Look through the records below for the line holding "kitchen with white". Write it out exactly, with each following line through the line holding "Nigeria's Taye Taiwo".

---+---

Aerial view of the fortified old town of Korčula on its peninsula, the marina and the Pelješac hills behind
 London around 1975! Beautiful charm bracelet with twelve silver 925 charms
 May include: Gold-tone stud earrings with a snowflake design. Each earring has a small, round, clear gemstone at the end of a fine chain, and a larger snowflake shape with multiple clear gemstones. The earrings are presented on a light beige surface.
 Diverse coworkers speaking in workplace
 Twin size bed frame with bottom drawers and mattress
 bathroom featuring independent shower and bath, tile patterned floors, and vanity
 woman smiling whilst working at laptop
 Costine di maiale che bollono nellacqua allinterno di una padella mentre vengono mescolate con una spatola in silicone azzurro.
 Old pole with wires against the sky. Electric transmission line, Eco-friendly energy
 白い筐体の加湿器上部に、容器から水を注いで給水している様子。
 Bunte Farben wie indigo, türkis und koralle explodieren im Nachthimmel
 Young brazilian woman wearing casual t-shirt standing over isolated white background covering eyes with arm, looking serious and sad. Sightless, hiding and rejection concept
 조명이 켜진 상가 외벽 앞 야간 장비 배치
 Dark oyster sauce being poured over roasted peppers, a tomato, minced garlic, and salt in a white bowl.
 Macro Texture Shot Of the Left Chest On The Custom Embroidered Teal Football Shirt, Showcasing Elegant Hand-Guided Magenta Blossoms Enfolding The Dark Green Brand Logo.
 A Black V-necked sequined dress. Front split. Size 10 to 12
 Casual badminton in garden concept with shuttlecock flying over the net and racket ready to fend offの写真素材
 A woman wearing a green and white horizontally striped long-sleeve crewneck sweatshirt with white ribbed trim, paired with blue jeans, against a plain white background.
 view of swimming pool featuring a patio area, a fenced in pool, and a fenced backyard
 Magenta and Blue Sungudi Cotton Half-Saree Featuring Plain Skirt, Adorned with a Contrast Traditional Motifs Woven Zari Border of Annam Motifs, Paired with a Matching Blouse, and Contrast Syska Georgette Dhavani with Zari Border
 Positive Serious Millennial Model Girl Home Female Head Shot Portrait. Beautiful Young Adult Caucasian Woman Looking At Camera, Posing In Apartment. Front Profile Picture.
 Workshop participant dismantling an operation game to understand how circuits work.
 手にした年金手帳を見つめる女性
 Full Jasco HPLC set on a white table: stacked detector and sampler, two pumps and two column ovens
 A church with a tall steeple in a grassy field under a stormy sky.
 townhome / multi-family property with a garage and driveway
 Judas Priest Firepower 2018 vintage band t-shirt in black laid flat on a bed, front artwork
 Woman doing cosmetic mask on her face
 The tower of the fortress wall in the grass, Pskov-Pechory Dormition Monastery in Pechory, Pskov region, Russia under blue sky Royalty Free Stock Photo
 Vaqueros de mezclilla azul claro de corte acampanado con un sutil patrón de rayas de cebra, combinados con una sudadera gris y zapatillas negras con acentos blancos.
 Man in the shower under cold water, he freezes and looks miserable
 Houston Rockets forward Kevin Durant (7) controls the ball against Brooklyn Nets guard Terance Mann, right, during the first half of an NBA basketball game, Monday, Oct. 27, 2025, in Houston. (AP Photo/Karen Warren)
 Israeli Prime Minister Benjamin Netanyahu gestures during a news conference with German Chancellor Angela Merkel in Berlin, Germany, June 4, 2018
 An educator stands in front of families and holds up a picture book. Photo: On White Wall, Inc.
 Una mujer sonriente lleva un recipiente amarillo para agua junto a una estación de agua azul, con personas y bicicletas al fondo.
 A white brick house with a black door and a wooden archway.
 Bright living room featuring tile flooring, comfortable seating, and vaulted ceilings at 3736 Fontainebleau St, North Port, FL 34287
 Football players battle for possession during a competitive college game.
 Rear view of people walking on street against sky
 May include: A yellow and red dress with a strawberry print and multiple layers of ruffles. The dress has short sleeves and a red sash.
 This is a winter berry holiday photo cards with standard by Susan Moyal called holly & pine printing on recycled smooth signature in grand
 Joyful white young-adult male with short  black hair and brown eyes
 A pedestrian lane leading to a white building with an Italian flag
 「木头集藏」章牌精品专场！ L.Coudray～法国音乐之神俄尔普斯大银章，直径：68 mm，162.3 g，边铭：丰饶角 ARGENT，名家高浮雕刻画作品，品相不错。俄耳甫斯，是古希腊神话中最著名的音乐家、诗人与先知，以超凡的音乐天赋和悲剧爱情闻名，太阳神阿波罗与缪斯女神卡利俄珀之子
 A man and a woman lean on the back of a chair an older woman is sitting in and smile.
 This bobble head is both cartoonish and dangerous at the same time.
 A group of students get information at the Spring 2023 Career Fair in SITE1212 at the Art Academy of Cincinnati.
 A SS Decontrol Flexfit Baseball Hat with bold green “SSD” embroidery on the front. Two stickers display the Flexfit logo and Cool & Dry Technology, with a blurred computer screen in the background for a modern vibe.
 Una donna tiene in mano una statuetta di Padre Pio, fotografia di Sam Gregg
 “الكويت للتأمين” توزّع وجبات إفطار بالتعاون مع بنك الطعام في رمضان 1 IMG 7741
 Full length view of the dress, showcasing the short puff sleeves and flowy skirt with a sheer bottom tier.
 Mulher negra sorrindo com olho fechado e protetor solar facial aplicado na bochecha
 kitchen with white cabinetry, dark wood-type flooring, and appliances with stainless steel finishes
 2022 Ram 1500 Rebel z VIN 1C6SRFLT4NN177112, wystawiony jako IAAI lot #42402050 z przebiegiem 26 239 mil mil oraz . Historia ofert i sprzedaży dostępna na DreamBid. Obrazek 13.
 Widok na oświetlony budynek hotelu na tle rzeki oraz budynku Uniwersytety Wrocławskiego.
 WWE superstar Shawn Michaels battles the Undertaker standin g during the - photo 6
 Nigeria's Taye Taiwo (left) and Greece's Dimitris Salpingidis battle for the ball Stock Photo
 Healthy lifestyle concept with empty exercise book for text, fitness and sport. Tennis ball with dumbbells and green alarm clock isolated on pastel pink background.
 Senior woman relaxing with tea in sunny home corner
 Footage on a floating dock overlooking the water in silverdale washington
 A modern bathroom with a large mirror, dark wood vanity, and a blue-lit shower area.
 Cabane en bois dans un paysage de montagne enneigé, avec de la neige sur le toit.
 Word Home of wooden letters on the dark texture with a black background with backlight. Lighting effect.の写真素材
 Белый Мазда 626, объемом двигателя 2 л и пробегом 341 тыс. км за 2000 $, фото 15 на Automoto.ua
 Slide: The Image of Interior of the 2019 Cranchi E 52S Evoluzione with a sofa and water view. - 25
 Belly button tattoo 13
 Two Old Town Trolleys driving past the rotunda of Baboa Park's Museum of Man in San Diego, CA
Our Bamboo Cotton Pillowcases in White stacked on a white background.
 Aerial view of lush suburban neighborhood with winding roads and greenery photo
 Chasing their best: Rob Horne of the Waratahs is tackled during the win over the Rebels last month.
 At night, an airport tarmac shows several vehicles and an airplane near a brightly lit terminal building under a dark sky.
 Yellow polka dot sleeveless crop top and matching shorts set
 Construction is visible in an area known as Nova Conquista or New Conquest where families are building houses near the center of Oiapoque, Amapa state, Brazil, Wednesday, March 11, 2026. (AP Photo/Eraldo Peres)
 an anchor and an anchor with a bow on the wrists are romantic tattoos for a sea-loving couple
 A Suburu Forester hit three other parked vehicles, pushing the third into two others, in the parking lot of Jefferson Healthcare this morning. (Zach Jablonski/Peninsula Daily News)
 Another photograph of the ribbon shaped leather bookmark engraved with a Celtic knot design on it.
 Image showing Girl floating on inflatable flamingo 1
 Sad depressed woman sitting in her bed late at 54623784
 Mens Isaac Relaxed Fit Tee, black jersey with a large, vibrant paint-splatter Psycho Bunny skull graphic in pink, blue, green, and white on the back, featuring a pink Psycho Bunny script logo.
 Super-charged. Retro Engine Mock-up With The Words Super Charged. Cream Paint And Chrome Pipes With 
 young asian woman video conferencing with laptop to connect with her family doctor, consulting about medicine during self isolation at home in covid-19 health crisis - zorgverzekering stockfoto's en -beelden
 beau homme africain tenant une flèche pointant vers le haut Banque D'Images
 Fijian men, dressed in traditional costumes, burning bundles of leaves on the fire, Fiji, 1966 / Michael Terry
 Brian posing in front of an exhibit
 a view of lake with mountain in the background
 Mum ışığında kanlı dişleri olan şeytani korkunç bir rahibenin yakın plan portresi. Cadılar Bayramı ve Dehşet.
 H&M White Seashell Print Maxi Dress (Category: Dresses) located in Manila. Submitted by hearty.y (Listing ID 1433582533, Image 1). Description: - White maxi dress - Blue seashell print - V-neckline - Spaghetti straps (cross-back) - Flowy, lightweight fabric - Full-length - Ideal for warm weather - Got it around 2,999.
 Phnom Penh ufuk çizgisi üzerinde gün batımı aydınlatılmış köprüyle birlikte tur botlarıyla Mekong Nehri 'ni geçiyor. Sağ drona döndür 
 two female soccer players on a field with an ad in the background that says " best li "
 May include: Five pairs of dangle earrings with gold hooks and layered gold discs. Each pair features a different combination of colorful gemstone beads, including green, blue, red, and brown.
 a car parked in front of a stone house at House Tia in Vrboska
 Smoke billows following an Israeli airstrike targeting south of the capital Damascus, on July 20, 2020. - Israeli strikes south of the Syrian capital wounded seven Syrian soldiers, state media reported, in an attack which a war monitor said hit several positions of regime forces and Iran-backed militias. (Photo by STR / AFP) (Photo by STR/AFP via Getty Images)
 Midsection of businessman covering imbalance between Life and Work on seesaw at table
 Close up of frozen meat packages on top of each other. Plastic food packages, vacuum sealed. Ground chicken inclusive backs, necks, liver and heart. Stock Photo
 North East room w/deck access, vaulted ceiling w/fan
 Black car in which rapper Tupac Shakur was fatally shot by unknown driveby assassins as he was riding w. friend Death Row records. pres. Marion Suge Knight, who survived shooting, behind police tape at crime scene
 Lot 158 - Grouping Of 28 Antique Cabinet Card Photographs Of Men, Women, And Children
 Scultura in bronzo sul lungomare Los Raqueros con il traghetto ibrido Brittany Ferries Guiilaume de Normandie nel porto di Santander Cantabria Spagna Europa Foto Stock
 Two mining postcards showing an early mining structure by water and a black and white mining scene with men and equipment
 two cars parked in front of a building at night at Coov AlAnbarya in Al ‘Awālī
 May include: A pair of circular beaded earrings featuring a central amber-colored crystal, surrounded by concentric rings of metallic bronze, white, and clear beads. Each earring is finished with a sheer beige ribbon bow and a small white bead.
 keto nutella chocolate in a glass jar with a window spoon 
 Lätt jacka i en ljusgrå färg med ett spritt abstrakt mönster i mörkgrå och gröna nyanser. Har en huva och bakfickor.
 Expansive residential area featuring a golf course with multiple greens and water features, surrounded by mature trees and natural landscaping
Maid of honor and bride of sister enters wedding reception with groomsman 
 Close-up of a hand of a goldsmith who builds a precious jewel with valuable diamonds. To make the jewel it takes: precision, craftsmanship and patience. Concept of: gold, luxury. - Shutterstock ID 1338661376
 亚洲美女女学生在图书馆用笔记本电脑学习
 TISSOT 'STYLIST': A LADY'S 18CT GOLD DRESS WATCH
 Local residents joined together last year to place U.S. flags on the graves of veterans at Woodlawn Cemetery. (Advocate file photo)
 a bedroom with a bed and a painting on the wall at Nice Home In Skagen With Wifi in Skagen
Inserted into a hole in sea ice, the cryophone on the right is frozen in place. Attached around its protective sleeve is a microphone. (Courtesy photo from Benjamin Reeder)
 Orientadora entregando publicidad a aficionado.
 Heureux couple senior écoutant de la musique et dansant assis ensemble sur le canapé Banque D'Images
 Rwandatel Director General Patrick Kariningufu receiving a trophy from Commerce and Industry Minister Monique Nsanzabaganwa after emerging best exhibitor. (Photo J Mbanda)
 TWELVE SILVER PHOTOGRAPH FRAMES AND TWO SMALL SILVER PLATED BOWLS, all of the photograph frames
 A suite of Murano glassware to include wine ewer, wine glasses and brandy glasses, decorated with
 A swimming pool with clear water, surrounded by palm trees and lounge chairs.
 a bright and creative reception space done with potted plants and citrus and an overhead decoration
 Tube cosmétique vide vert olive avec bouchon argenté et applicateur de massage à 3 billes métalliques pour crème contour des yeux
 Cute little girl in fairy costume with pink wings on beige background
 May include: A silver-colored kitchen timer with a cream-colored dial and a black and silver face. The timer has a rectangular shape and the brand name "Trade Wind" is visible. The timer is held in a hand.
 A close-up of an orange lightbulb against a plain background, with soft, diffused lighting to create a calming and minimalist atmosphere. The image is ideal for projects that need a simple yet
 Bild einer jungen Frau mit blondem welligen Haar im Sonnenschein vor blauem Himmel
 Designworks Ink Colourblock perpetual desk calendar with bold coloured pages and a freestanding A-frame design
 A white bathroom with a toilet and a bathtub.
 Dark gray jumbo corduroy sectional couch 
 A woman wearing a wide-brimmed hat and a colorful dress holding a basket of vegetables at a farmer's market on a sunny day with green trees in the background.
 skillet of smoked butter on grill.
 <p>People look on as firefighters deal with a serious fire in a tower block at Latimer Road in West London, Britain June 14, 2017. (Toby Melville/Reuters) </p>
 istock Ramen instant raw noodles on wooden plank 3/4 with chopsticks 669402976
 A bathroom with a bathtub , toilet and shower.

---+---

◆ **Task answer**:
 kitchen with white cabinetry, dark wood-type flooring, and appliances with stainless steel finishes
 2022 Ram 1500 Rebel z VIN 1C6SRFLT4NN177112, wystawiony jako IAAI lot #42402050 z przebiegiem 26 239 mil mil oraz . Historia ofert i sprzedaży dostępna na DreamBid. Obrazek 13.
 Widok na oświetlony budynek hotelu na tle rzeki oraz budynku Uniwersytety Wrocławskiego.
 WWE superstar Shawn Michaels battles the Undertaker standin g during the - photo 6
 Nigeria's Taye Taiwo (left) and Greece's Dimitris Salpingidis battle for the ball Stock Photo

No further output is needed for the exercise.